# Records contained in a dataset:
+-------+

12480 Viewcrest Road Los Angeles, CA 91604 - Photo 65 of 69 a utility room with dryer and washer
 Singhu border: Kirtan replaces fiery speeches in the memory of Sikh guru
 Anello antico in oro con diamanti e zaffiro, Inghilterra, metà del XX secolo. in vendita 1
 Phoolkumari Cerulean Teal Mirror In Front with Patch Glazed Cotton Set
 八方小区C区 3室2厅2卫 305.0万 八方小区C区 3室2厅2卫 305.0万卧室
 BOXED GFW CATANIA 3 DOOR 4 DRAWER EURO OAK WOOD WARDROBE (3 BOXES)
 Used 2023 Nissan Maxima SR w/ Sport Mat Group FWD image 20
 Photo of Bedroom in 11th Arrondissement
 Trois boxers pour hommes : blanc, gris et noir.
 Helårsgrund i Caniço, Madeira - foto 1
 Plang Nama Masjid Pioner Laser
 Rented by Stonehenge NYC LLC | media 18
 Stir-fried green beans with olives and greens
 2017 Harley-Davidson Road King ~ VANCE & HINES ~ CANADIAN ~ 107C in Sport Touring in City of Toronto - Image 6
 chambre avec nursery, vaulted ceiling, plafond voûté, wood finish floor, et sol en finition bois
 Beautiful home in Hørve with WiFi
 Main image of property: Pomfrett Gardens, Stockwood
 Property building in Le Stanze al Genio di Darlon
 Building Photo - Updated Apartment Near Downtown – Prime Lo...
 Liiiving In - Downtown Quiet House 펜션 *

+-------+

# To do:
Exactly as given, repeat each line above.

# Finished task:
12480 Viewcrest Road Los Angeles, CA 91604 - Photo 65 of 69 a utility room with dryer and washer
 Singhu border: Kirtan replaces fiery speeches in the memory of Sikh guru
 Anello antico in oro con diamanti e zaffiro, Inghilterra, metà del XX secolo. in vendita 1
 Phoolkumari Cerulean Teal Mirror In Front with Patch Glazed Cotton Set
 八方小区C区 3室2厅2卫 305.0万 八方小区C区 3室2厅2卫 305.0万卧室
 BOXED GFW CATANIA 3 DOOR 4 DRAWER EURO OAK WOOD WARDROBE (3 BOXES)
 Used 2023 Nissan Maxima SR w/ Sport Mat Group FWD image 20
 Photo of Bedroom in 11th Arrondissement
 Trois boxers pour hommes : blanc, gris et noir.
 Helårsgrund i Caniço, Madeira - foto 1
 Plang Nama Masjid Pioner Laser
 Rented by Stonehenge NYC LLC | media 18
 Stir-fried green beans with olives and greens
 2017 Harley-Davidson Road King ~ VANCE & HINES ~ CANADIAN ~ 107C in Sport Touring in City of Toronto - Image 6
 chambre avec nursery, vaulted ceiling, plafond voûté, wood finish floor, et sol en finition bois
 Beautiful home in Hørve with WiFi
 Main image of property: Pomfrett Gardens, Stockwood
 Property building in Le Stanze al Genio di Darlon
 Building Photo - Updated Apartment Near Downtown – Prime Lo...
 Liiiving In - Downtown Quiet House 펜션 *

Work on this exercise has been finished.